- _GIVEN DATA_:
=-=-=-=-=
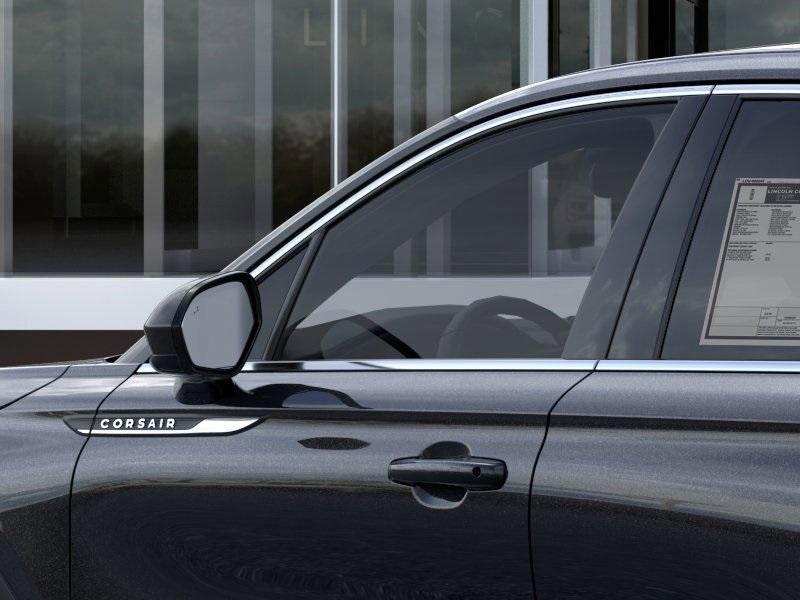 new 2025 Lincoln Corsair car, priced at $44,480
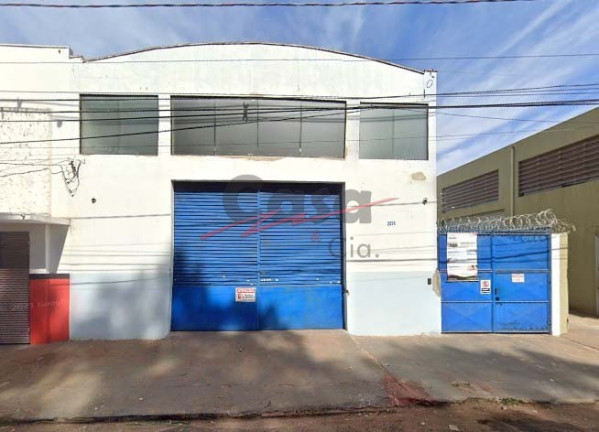 Imóvel Comercial à Venda, 748 m² em Jardim Independência - Ribeirão Preto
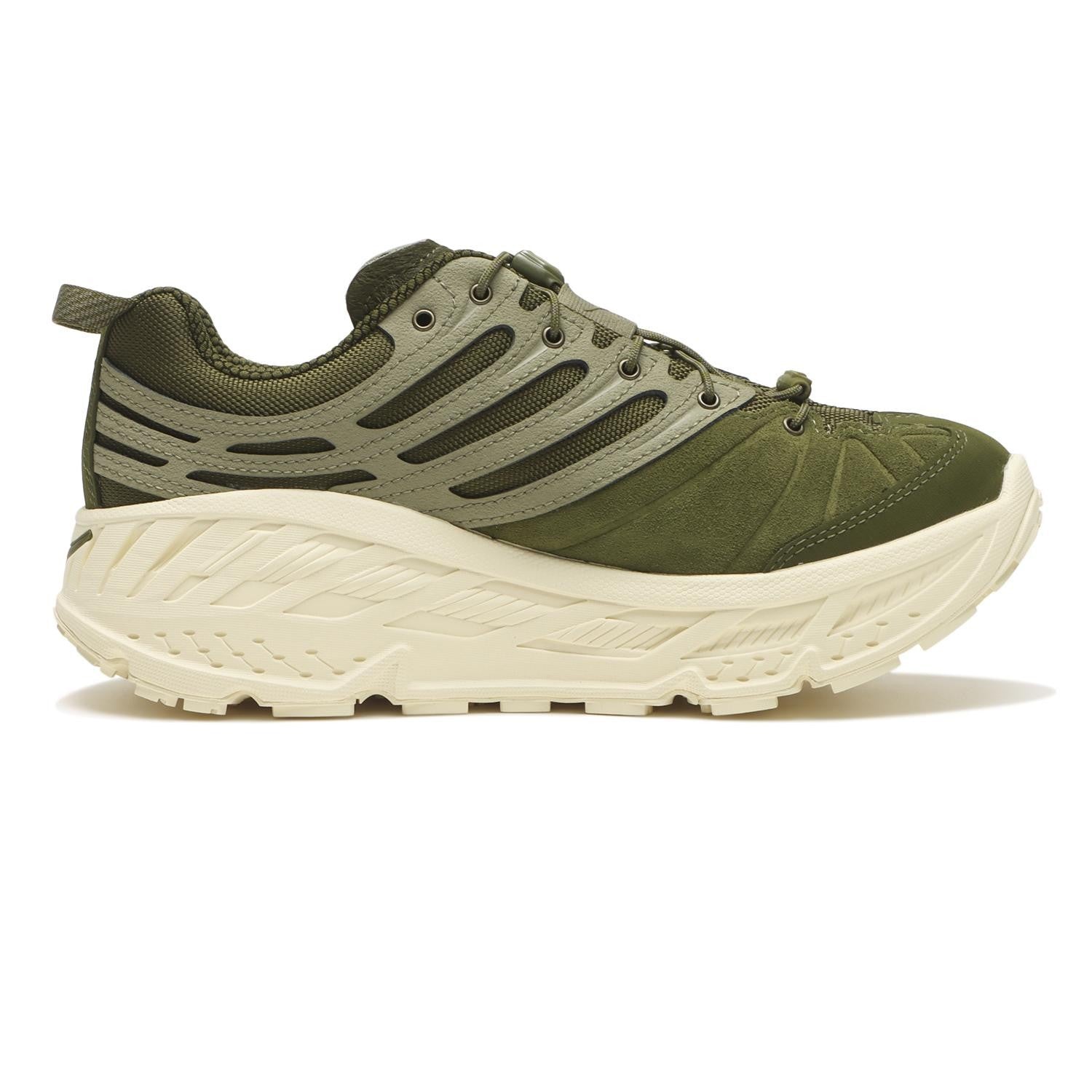 1166450-MRNW Hoka Stinson Evo OG TP Moss Green Wild Mushroom (Men's)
=-=-=-=-=
- _HOW TO COMPLETE THIS TASK_: Exclude images. Return the data above verbatim.

- _RESULT OF THE EXERCISE_:
 new 2025 Lincoln Corsair car, priced at $44,480
 Imóvel Comercial à Venda, 748 m² em Jardim Independência - Ribeirão Preto
 1166450-MRNW Hoka Stinson Evo OG TP Moss Green Wild Mushroom (Men's)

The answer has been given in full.